*** Opening Working data ***
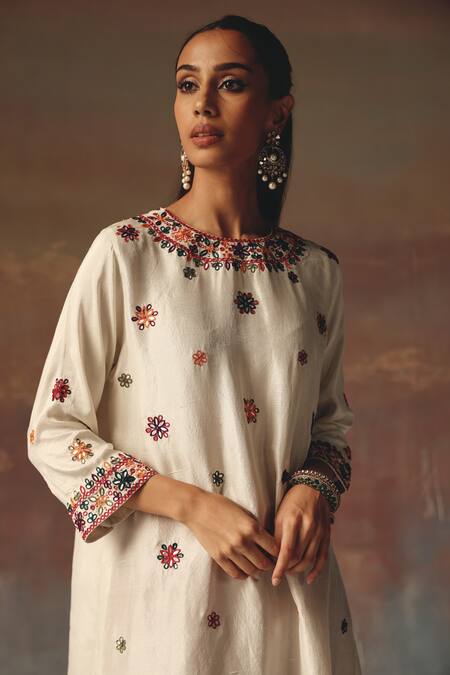 Buy_Twenty Nine_Ivory Silk Embroidery Round Neck Monga Kurta _Online_at_Aza_Fashions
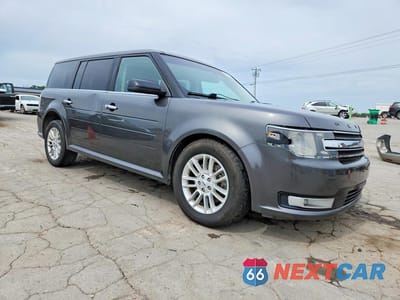 Czwarte zdjęcie samochodu z boku: 2018 FORD FLEX SEL VIN:2FMGK5C83JBA13764 - miniatura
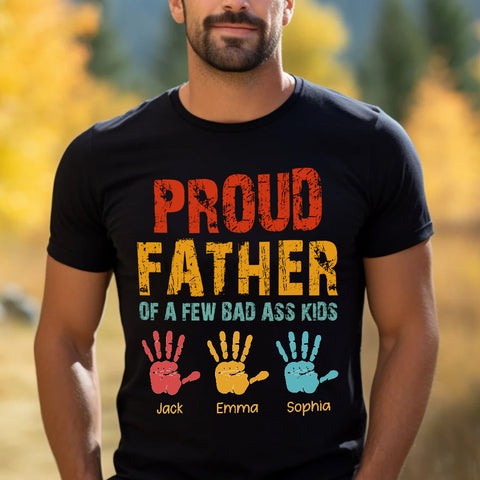 Cool Gifts For Dad, Proud Father Of A Few Badass Kids Handprint Retro, Personalized T-Shirt, Gifts For Daddy Father From Daughter Son, Short Sleeve Tops Tee Shirt, Gifts For Birthday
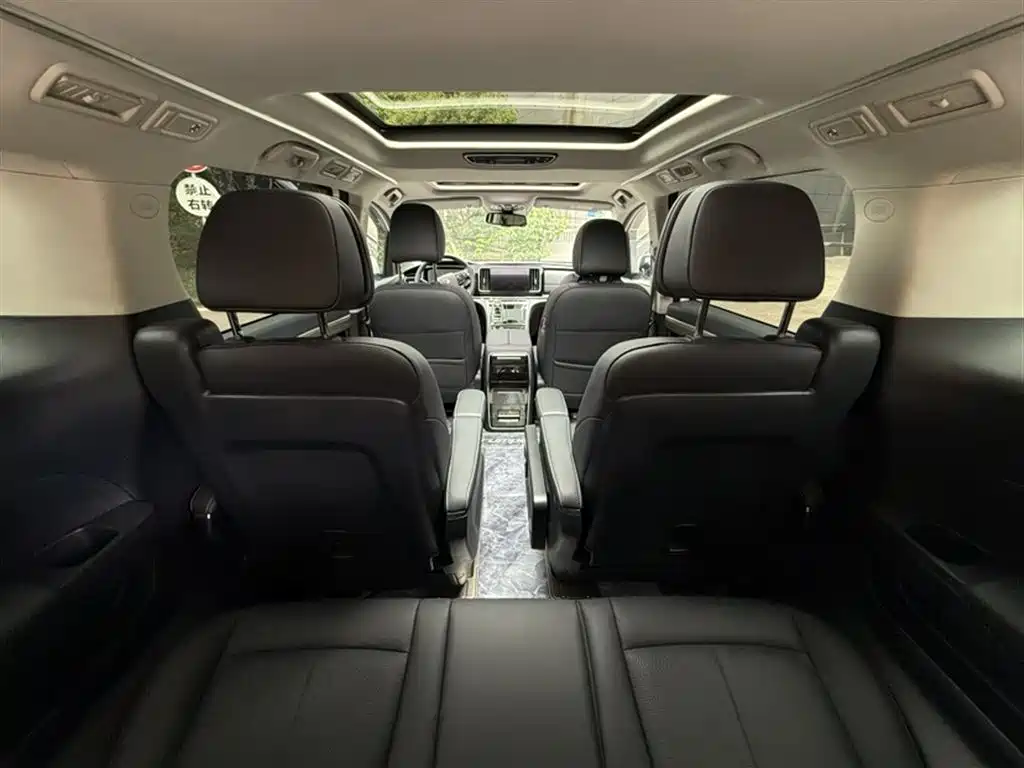 GAC Motor Trumpchi M8 2022 — фото 4
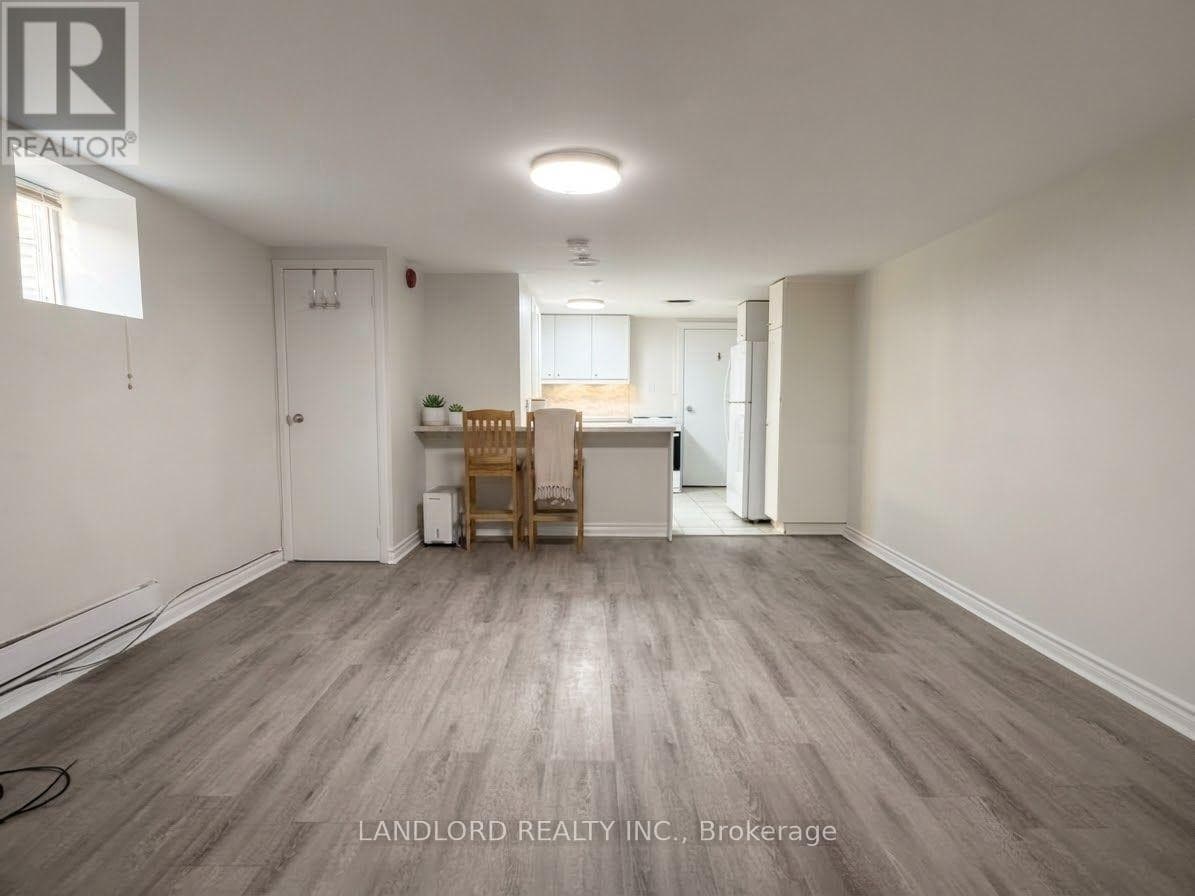 Multi-family at BSMT- 589 Annette Street, Toronto (Runnymede-Bloor West Village), Ontario - Photo 8 - RE/MAX Garden City Realty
*** Closing Working data ***
Exercise description: All of the entries above are to be transcribed word for word, with no pictures included.

Reply:
 Buy_Twenty Nine_Ivory Silk Embroidery Round Neck Monga Kurta _Online_at_Aza_Fashions
 Czwarte zdjęcie samochodu z boku: 2018 FORD FLEX SEL VIN:2FMGK5C83JBA13764 - miniatura
 Cool Gifts For Dad, Proud Father Of A Few Badass Kids Handprint Retro, Personalized T-Shirt, Gifts For Daddy Father From Daughter Son, Short Sleeve Tops Tee Shirt, Gifts For Birthday
 GAC Motor Trumpchi M8 2022 — фото 4
 Multi-family at BSMT- 589 Annette Street, Toronto (Runnymede-Bloor West Village), Ontario - Photo 8 - RE/MAX Garden City Realty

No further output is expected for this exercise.